**Records shown:**
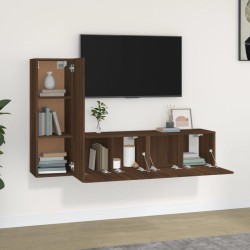 Set Mobili Porta TV 3 pz Rovere Marrone in Legno Ingegnerizzato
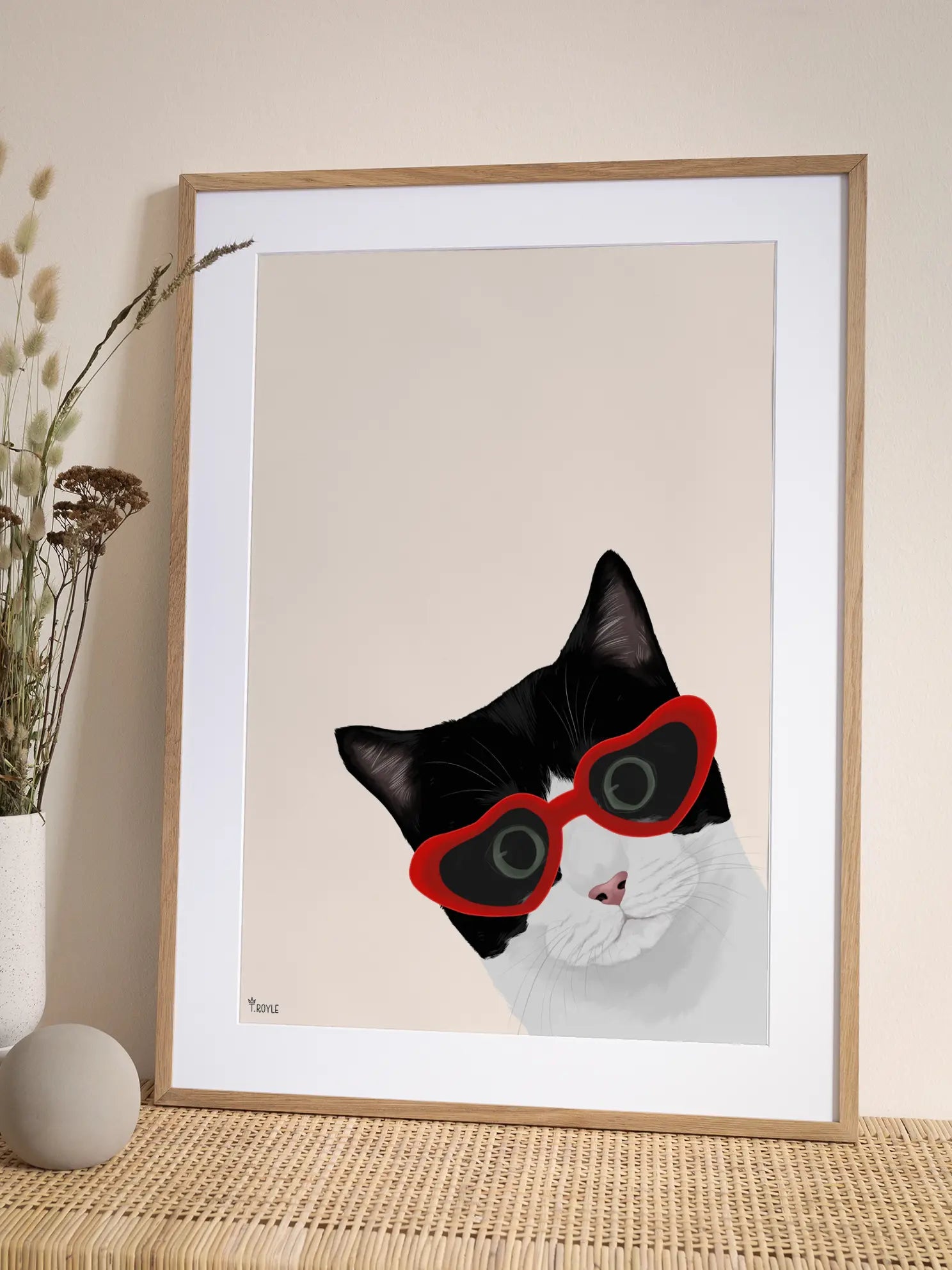 Cat WIth Heart Sunglasses Poster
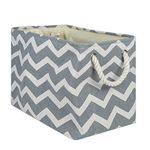 DII Collapsible Polyester Storage Basket, Large/18" x 12" x 15", Gray Chevron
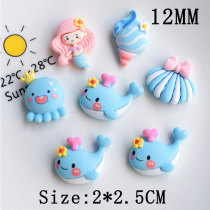 12MM Whale Mermaid Cream Gel Resin snap button charms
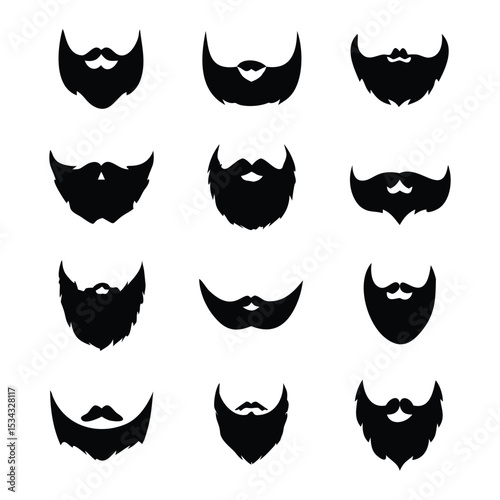 A grid of twelve black silhouette beard designs on a white background.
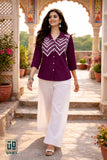 Wiora Wine Chevron Embroidered Shirt
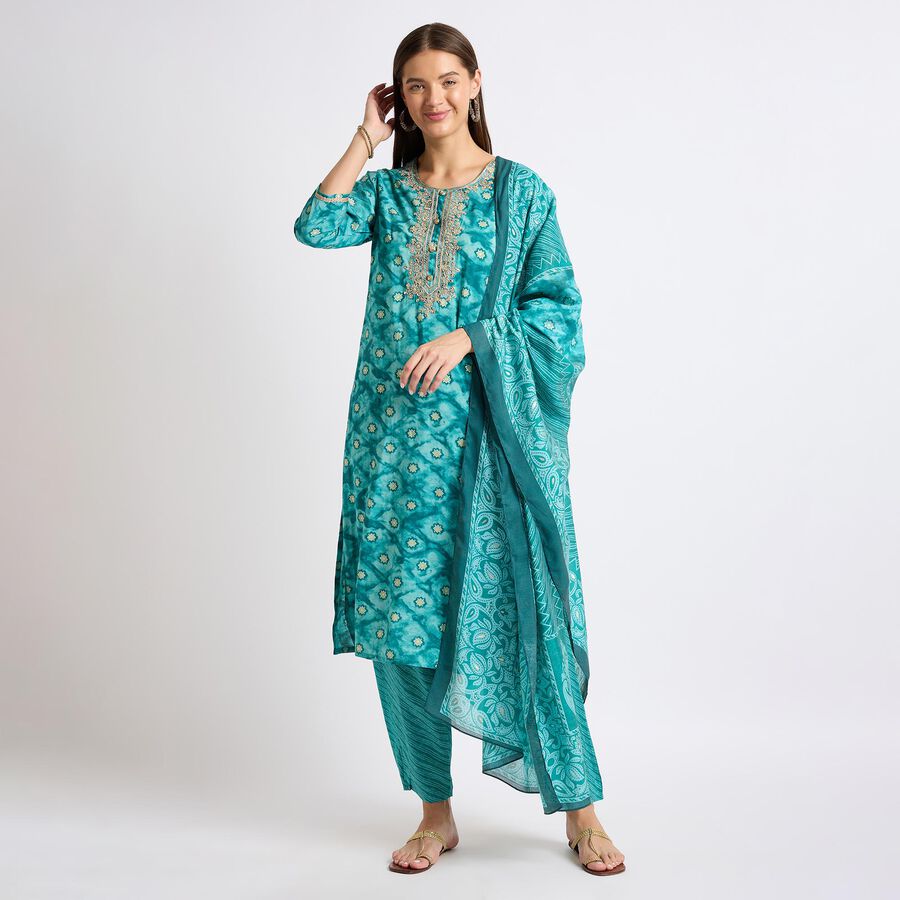 Ladies' Ethnic Set , टील ब्लू, large image number null
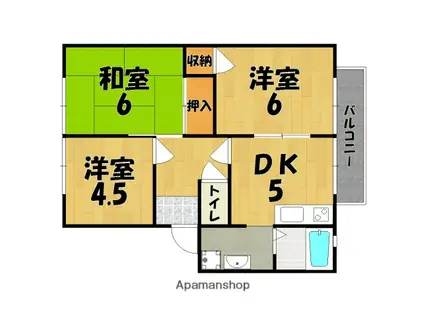 ブリーズ大安寺(2LDK/1階)の間取り写真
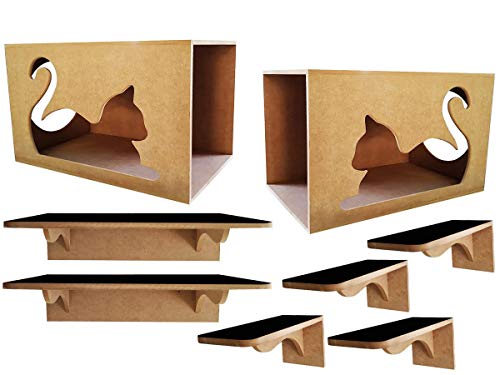 Kit Nicho de Gato Gigante Mdf Crú Prateleira Toca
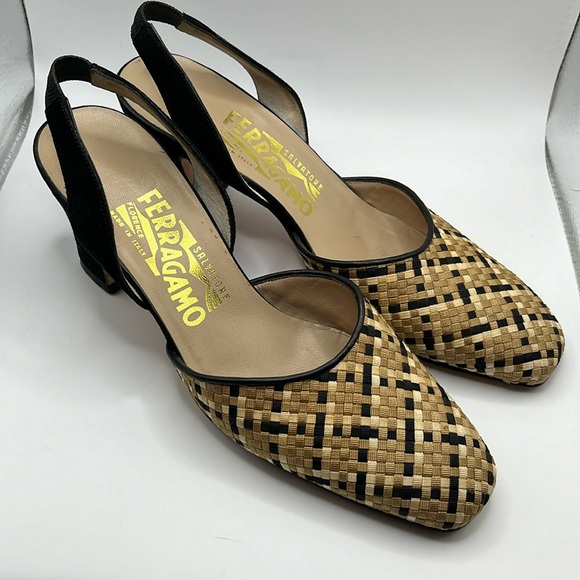 Salvatore Ferragamo Shoes - Salvatore Ferragamo Basket Weave pumps: size 6, VTG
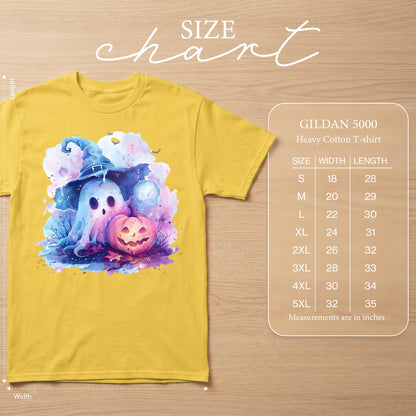 Yellow Gildan 5000 t-shirt with a watercolor ghost and jack-o-lantern design, and a size chart.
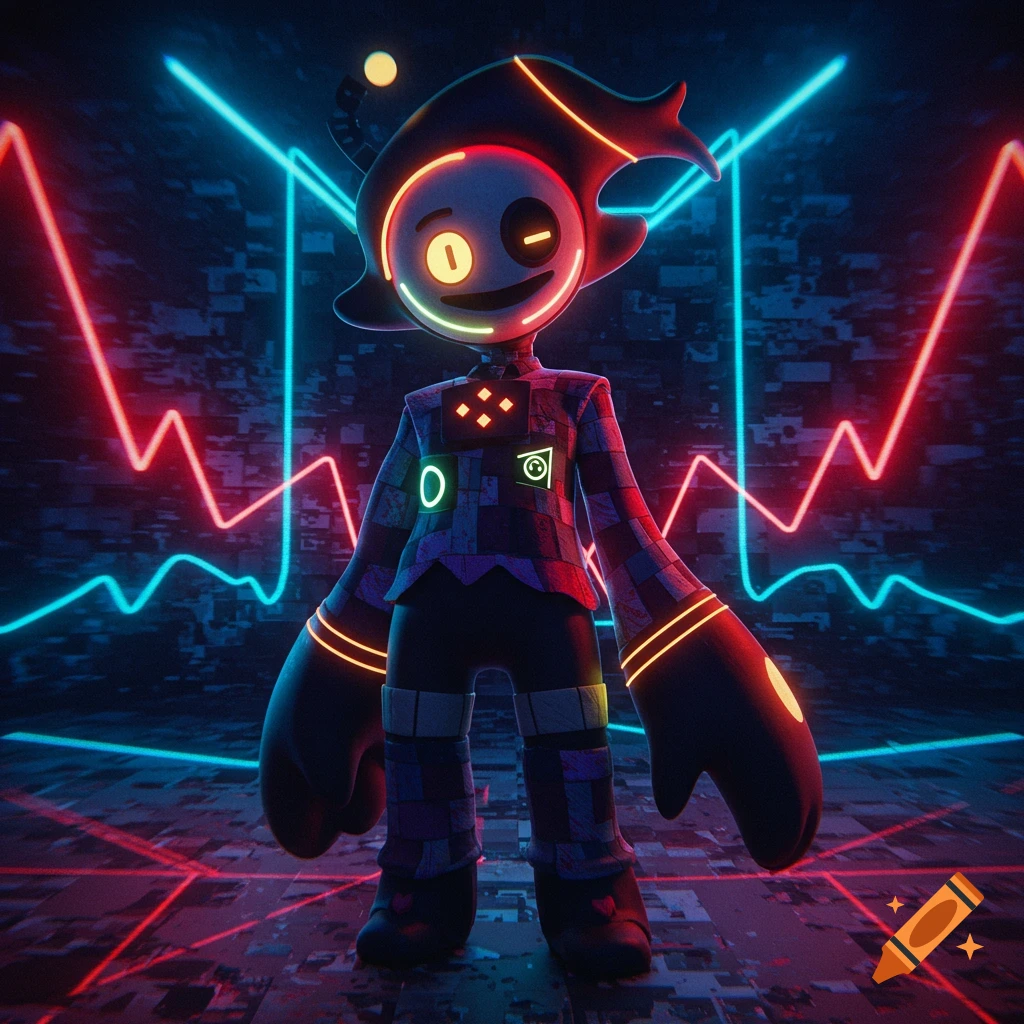 A stylized character with a glowing neon face and body details stands in a dark, futuristic setting with red and blue neon lines.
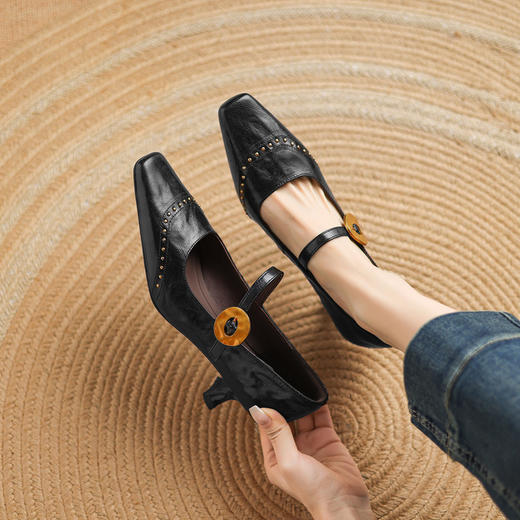 【预售5天】手抓纹羊皮复古方头浅口单鞋女新款气质铆钉高跟玛丽珍鞋JLY&18-523A 商品图4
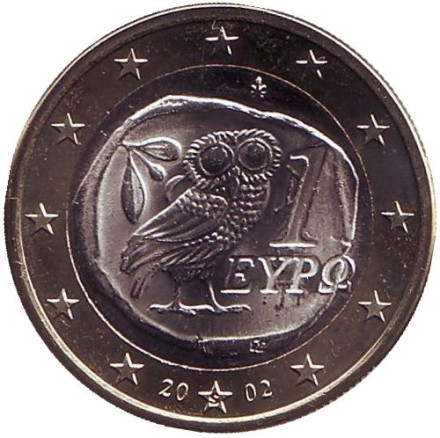 Монета 1 евро. 2002 год, Греция. (Отметка монетного двора: "S") Сова.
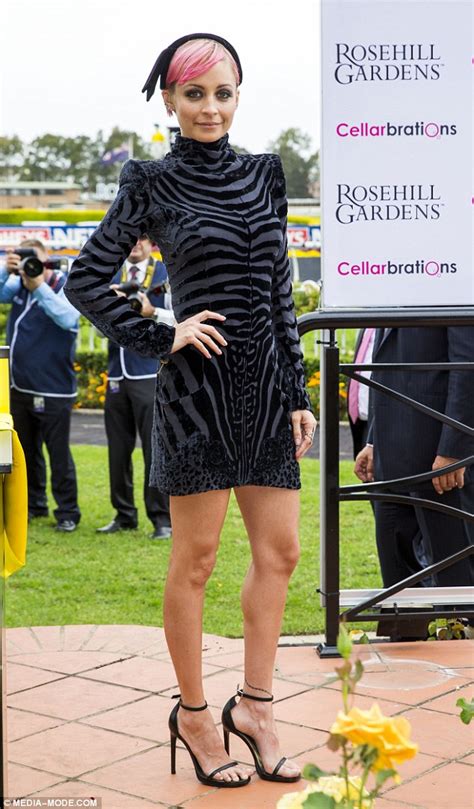 Nicole Richie Stuns In A Very Short Zebra Print Balmain Dress At Golden Slipper Race Day Daily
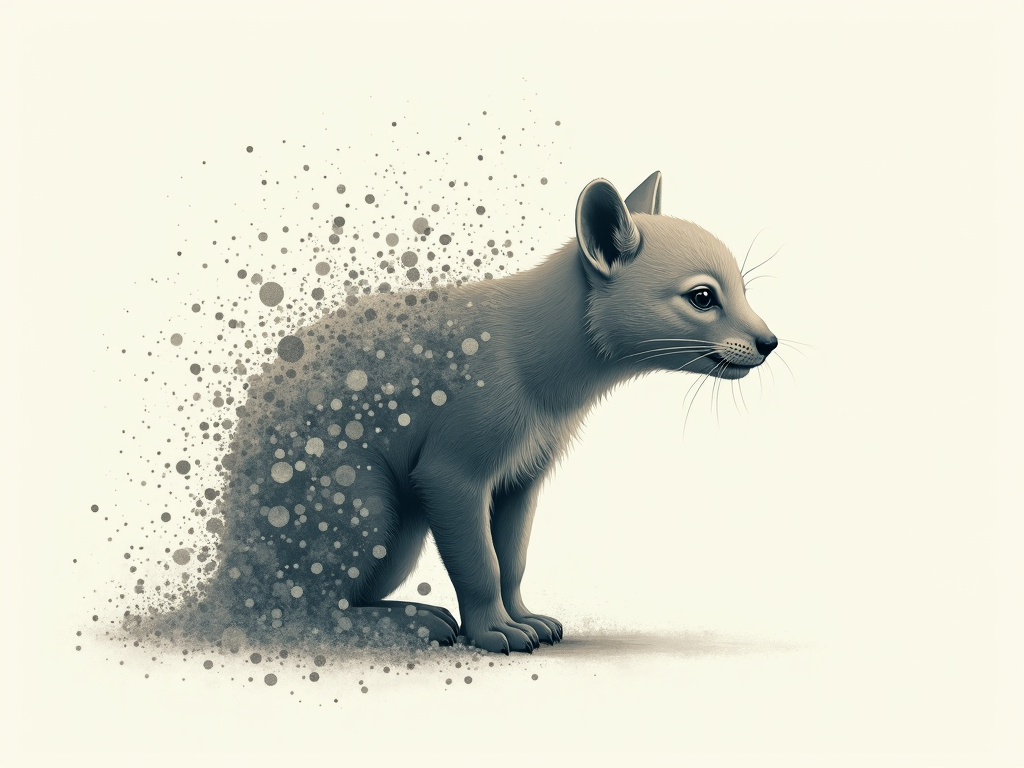 The Vanishing Series: A T-shirt featuring an endangered animal illustration that appears to be fading or made of dissolving particles towards one side, with the poignant text 'Earth Day: Protect Them Before They're Gone.' The animal should be detailed, evoking strong empathy.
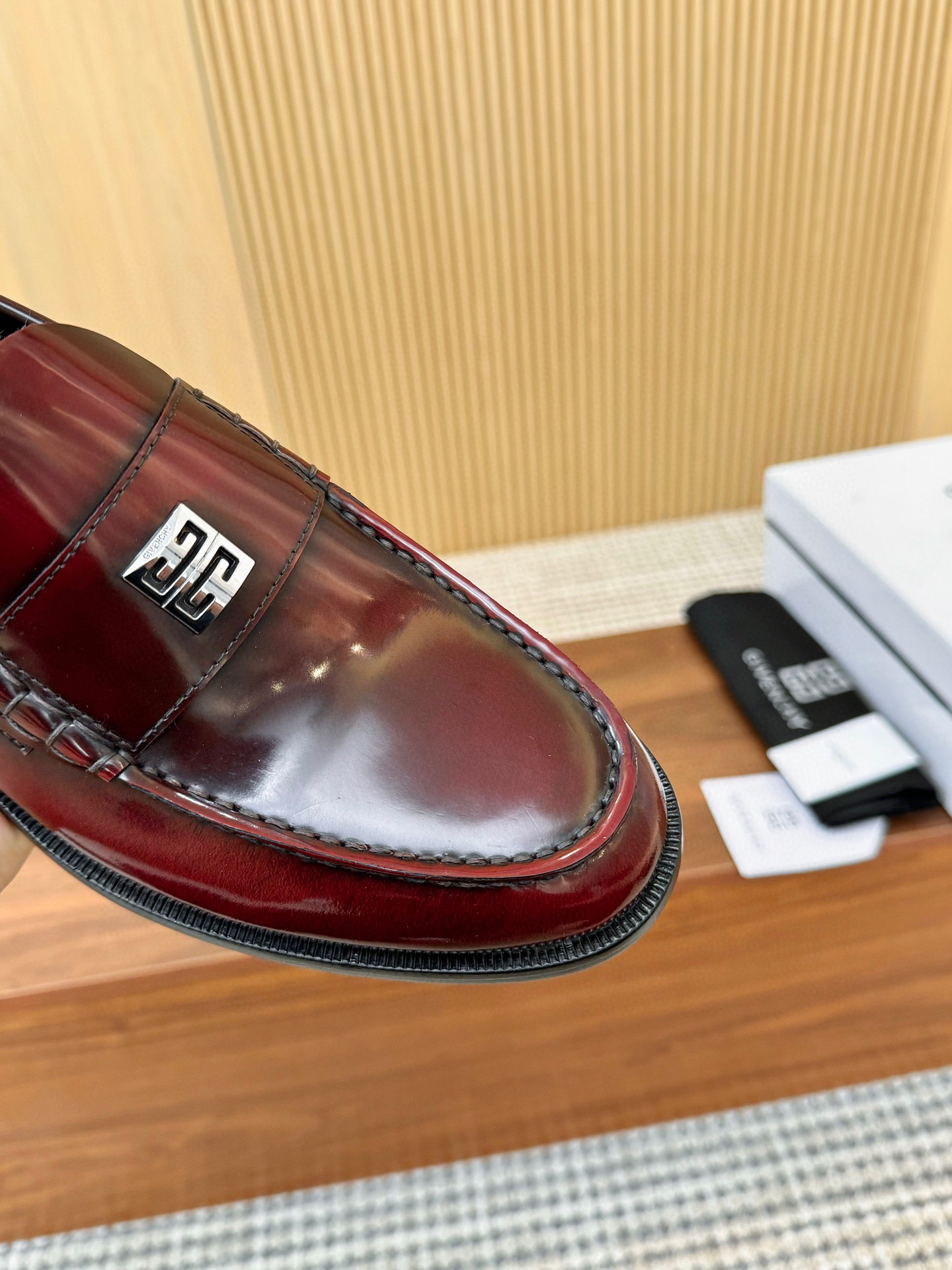 Givenchy Men's Burgundy Leather Loafers Business Casual Shoes Size 39-44 8 i1745250143970 6563 0 6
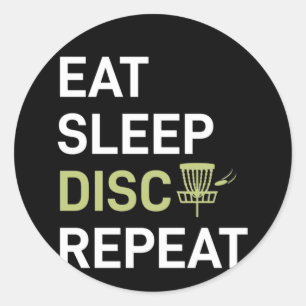 Sticker Rond Lecteur de golf sur disque   Eat Sleep Disk Golf R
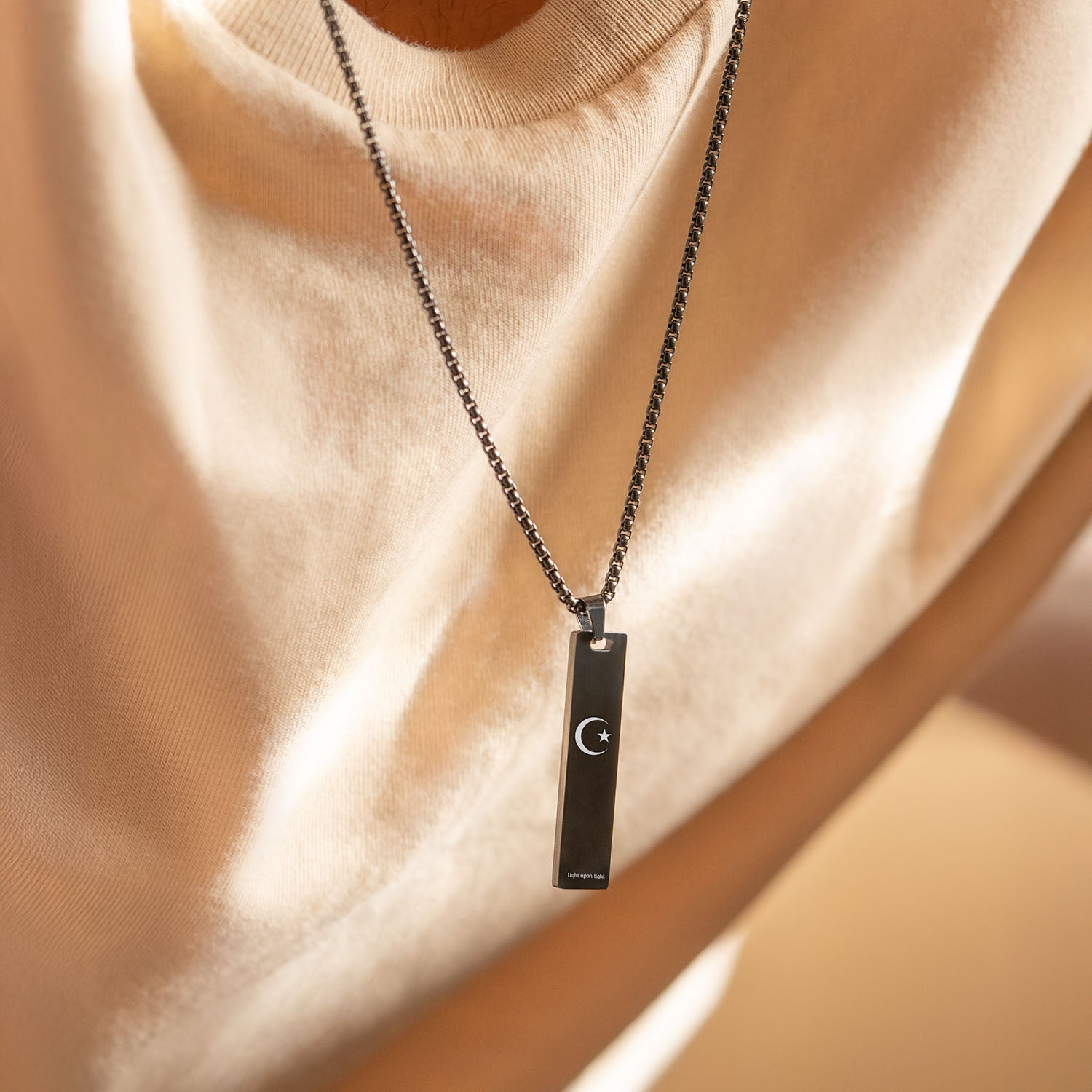 Moon and Star Mini Tag Necklace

**Your instructions:**
Treat the line with "ブリーズ大安寺(2LDK/1階)の間取り写真" as the start and the line with "Монета 1 евро." as the end, and return exactly that span of the data above, both ends included, without pictures.

**Solution to this task:**
 ブリーズ大安寺(2LDK/1階)の間取り写真
 Kit Nicho de Gato Gigante Mdf Crú Prateleira Toca
 Salvatore Ferragamo Shoes - Salvatore Ferragamo Basket Weave pumps: size 6, VTG
 Yellow Gildan 5000 t-shirt with a watercolor ghost and jack-o-lantern design, and a size chart.
 A stylized character with a glowing neon face and body details stands in a dark, futuristic setting with red and blue neon lines.
 【预售5天】手抓纹羊皮复古方头浅口单鞋女新款气质铆钉高跟玛丽珍鞋JLY&18-523A 商品图4
 Монета 1 евро. 2002 год, Греция. (Отметка монетного двора: "S") Сова.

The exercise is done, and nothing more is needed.